Short web captions:

###

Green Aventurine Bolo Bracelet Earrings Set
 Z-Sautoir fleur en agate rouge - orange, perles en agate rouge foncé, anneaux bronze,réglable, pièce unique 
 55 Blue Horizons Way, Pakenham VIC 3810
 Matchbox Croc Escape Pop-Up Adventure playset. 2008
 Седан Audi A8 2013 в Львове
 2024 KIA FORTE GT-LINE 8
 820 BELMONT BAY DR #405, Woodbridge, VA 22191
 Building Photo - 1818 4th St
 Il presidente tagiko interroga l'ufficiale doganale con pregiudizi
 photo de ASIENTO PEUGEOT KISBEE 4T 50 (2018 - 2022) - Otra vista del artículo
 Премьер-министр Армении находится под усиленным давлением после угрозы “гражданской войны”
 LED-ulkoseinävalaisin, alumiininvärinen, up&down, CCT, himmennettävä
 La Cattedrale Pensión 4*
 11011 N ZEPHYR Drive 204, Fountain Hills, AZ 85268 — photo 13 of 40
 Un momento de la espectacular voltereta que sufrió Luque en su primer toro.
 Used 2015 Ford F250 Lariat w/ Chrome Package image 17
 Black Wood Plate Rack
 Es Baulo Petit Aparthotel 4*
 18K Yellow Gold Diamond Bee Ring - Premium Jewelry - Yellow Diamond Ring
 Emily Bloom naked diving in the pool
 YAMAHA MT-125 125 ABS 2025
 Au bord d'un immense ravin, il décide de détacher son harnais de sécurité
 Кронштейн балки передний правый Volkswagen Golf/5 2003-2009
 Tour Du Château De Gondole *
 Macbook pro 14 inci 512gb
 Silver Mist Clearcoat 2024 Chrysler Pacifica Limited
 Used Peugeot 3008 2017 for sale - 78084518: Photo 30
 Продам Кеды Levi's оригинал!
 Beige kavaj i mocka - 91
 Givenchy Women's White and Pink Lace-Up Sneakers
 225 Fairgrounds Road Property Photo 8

###

Your instructions: In the entries above, restate word for word the lines between the one holding "Used 2015 Ford" and the one holding "Au bord d'un", inclusive, and nothing besides.

Expected answer:
 Used 2015 Ford F250 Lariat w/ Chrome Package image 17
 Black Wood Plate Rack
 Es Baulo Petit Aparthotel 4*
 18K Yellow Gold Diamond Bee Ring - Premium Jewelry - Yellow Diamond Ring
 Emily Bloom naked diving in the pool
 YAMAHA MT-125 125 ABS 2025
 Au bord d'un immense ravin, il décide de détacher son harnais de sécurité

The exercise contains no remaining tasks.